Flowered up: Celebrating Spring

Flowered up: Celebrating Spring

Spring in the forest is a time of transformation and celebration
Forest Holidays


There's a reason that we get winter blues and long for the season to change; days are shorter, the sun sets lower in the sky and that all-essential happy 'sunshine' vitamin D3 is in low supply. By the time February is here, it's hard to not feel like copying Yogi Bear and hibernating until it's over! But as the earth slowly tilts back on its axis towards the sun, you can feel the change in the air and there's no better place to see this transformation unfold than on a walk under the sun-dappled leafy canopy of the forest.

A hike through the winter-time forest can be a magical thing, you get a sense of being alone with nature; the branches of all but the evergreen trees have shed their glossy leaves and are mostly bare, few creatures stir in the undergrowth, the birdsong is all but silenced. But take that same walk when spring is bursting from every corner of the forest and you're plunged into a different world. Piping songs and whistles from birds fill the air, the wind rustles gently through the leaves, you may see the forest residents busy building their nests, squirrels scurrying up the trees, maybe even spot deer nibbling a leaf if you're very lucky. That sense of the forest waiting to begin again is over, spring is here and in full fling.

Bluebells in the Forest of Dean

Wake up to Spring

Of course, it's not just plants and trees that are flourishing; spring brings new animal and bird life to the world too, it's a time when nature wakes up and shakes off all traces of the dark days of winter. Back in pagan times, spring was seen as a potent time in our calendar with celebrations and offerings held to gods and goddesses of fertility. Wobble-kneed baby lambs and calves fill the fields, the sun stays around for just that bit longer each day, green buds pop on every bush and tree and finally those bright daffodils and primroses push through the cold soil to burst open and tell us that warm days and long light nights are on their way.
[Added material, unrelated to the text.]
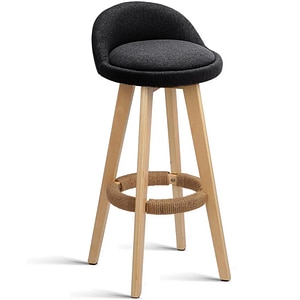 Scaun de bar Quasar & Co., rotativ, sistem rotire 360, inalt, tapitat, pretabil bucatarie, 37 x 37 x 80 cm, lemn/textil/burete, negru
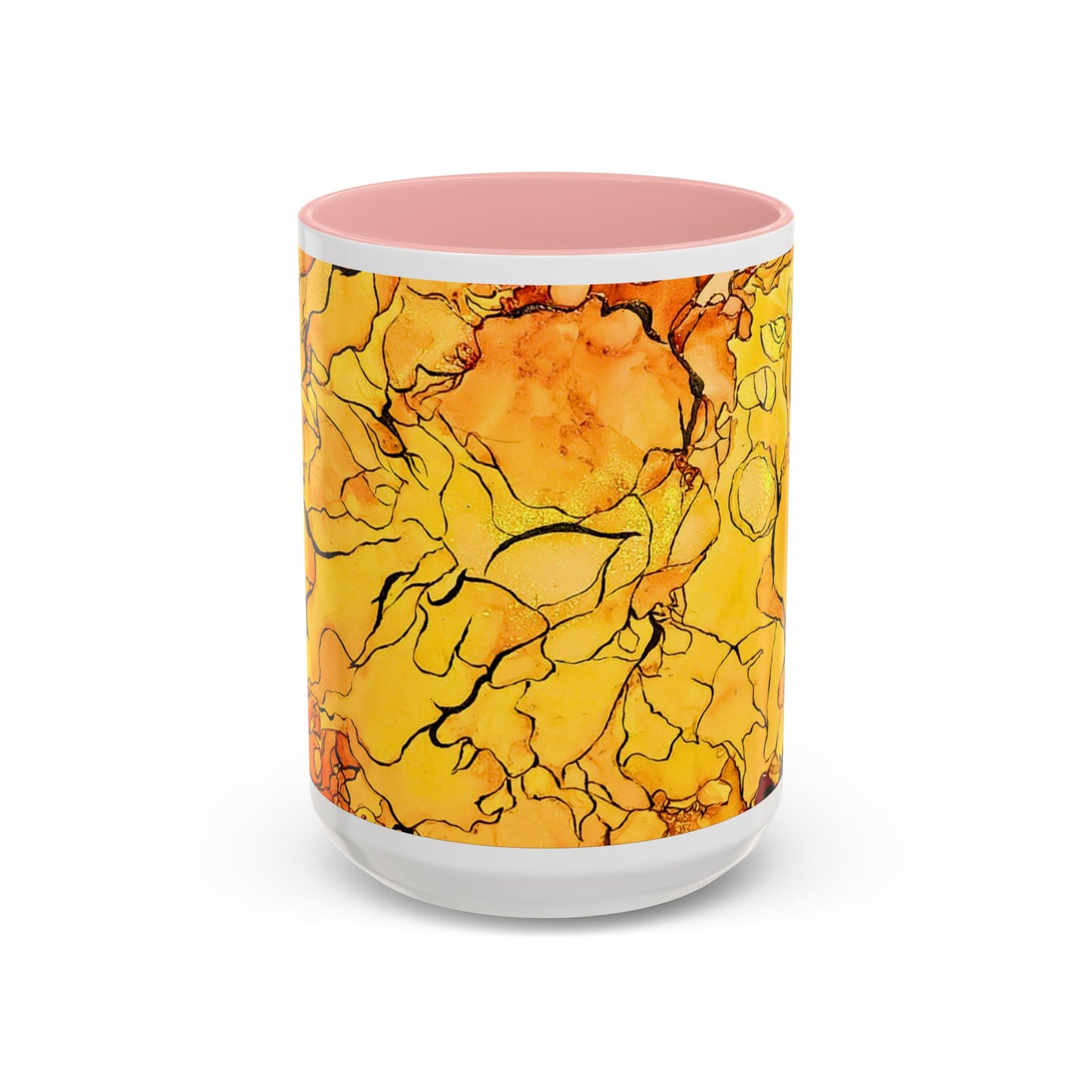 Yellow Floral Accent Coffee Mug – Bright Watercolor Peony Design (11/15oz)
That sense that the whole world is born anew has given spring tremendous significance in many of the world's religions from Christianity to Hinduism too. Across Thailand and India spring collides with their New Year, bringing colourful harvest festivals that last for days. Following the lead of Japan, countries with cherry or apple trees celebrate the all-too-brief flowering season of the pink and white pom-pom flowers with 'sakura' festivals; a chance to appreciate the beauty of these blossoms before they fade away just a few short weeks after they bloom.

Sit and wonder

It's that swift-changing side of nature that makes spring so fascinating to witness. Over the space of a few days, you can see a plant or tree go from sprouting tightly-furled buds to displaying bold bright flowers. Part of the adventure lies in wondering what you'll discover next, guessing what colour that tree might be tomorrow, or whether those curious-looking green buds will suddenly burst into stunning bloom.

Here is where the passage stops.